An Open Letter To Mr. Kiren Riiju On Rohingyas


Dear Mr. Riiju,

This is a letter from an ordinary citizen of India who has been working with the refugees for over two decades. I am deeply disturbed and in a way appalled to see your arguments before the parliament of India about the Rohingyas. This has definitely set the cat among the pigeons by calling them illegal immigrants and thereby asking them to be deported from India. You have been right on target in calling them so. They are foreigners. They do not have valid visas. Some of them have been living in India for over ten years. Jammu, Tamil Nadu, Uttar Pradesh, Kerala, and Telangana are just a few states in which they stay. They usually live in slums or worse in squatters that are made of plastic sheets. Very few of them live in concrete shelters. You have claimed that over 40,000 of them are currently living in India. They eke out a living by picking up garbage from the streets and selling recyclable materials, or work in the construction industry as labourers where possible. They are among the poorest of the poor in any part of the country. Most of them have large families and hesitate to send their children to school because of the fear that they do not know language and they also hope that they may be going home soon.

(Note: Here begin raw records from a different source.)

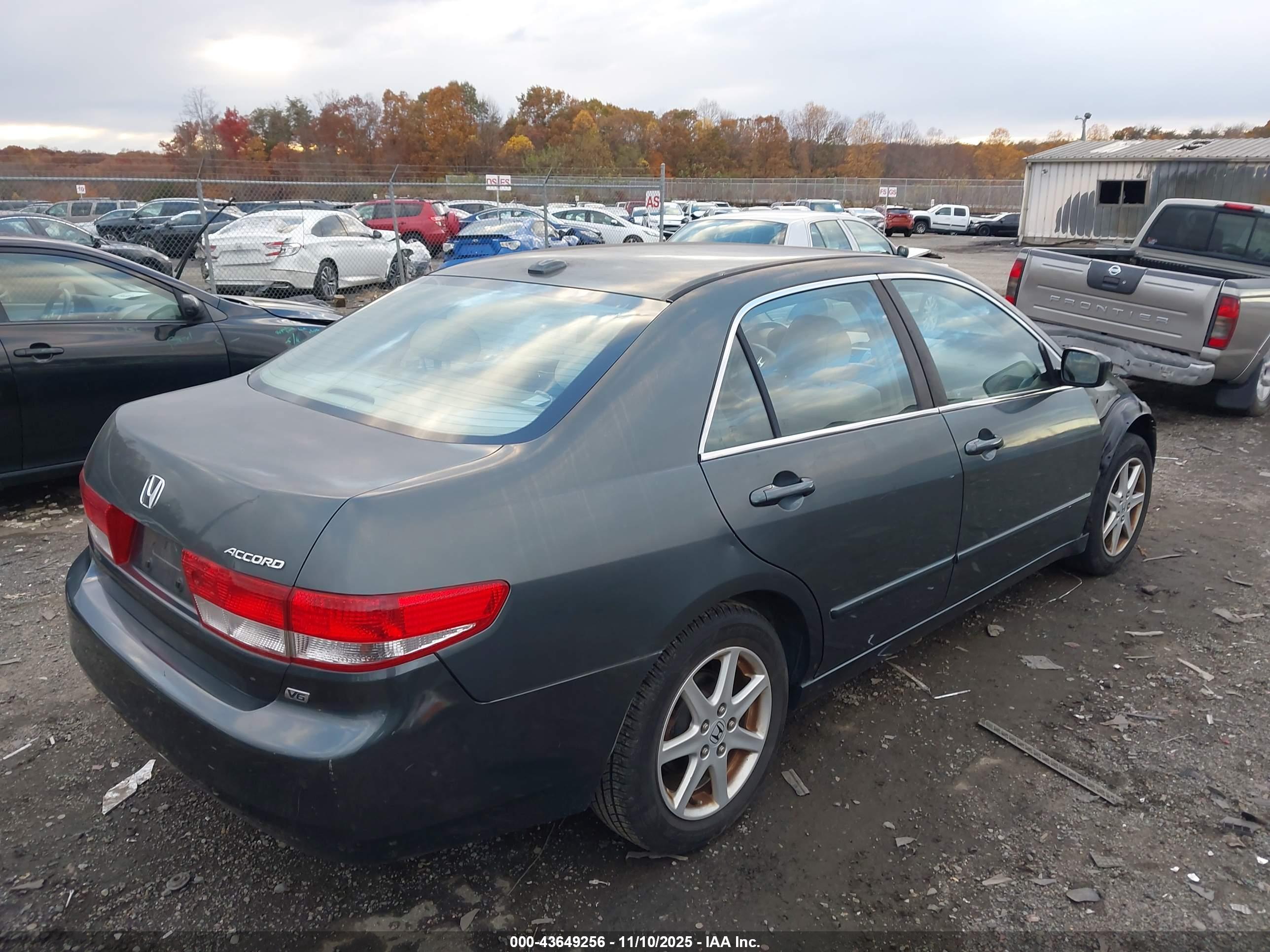 HONDA ACCORD image 4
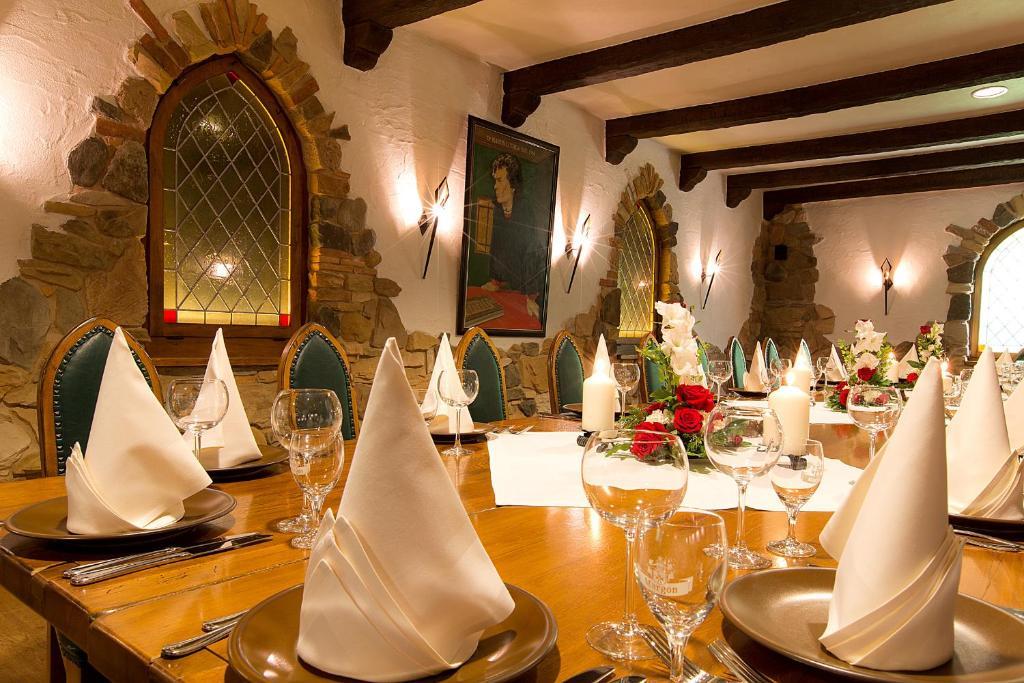 Gaestehaus Kloster Nimbschen Грима Екстериор снимка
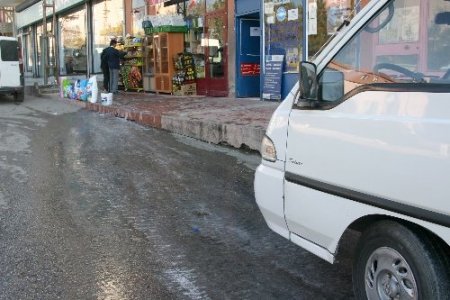 Esnaftan Kadınlara 'Kışın Balkon Yıkamayın' Ricası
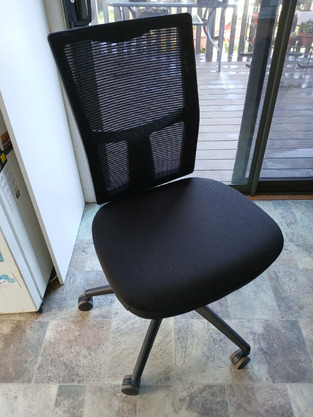 review image 0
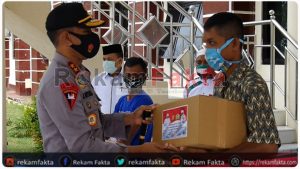Berkunjung Ke Pohuwato, Kapolda Gorontalo Bersama Danrem 133/NW Bagikan Paket Sembako Kepada Aparat Dan Masyarakat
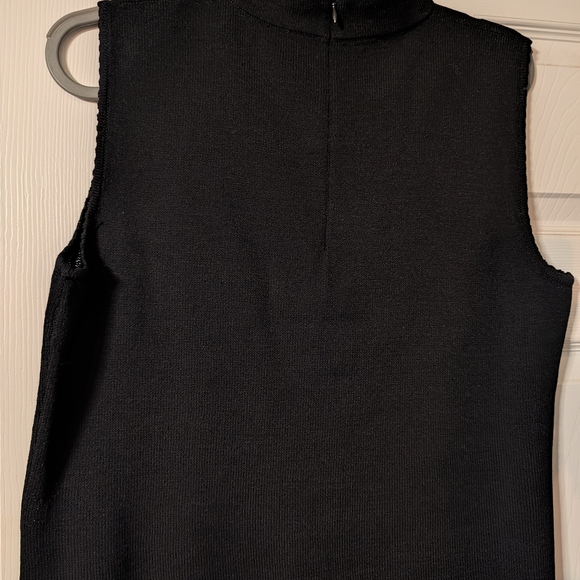 St. John Black Sleeveless Knit Top Classic - Picture 3 of 5
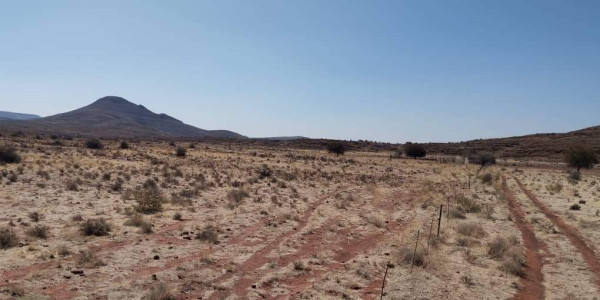 TOURISM-HUNTING-LIVESTOCK FARM FOR SALE IIN HARDAP DISTRICT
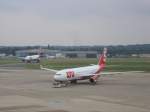 Am 12.07.2007 treffen sich die beiden A 330-200 D-ALPC (hinten) ...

The Rohingyas, as you may be well aware have lived for a very long time in the Rakhine State of Myanmar. They are a predominantly Muslim community speaking ChittagongianBengali, this is a dialect of Bengali spoken in the areas of Chittagong. While there is no clear evidence of their actual place of origin they have lived in Myanmar atleast for over a hundred years. Since they live in isolation in a Buddhist state they have been targeted for being different. This was a result of the growing spirit of nationalism a few decades ago. Their settlements would be attacked, they would be deprived of education and livelihood opportunities. Fearing the annihilation they fled to Bangladesh.  Some have tried to reach Indonesia, Malaysia, Thailand, and many other East Asian countries. They have even managed to reach Australia. A small number of them have been trickling into India in search of safety and eventually end up in squalid conditions. Many of them resort to ragpicking and other low paying jobs. They live in huts, tents or squatters. In the rarest of cases they live in storm shelters. These shelters were used for cattle before their arrival.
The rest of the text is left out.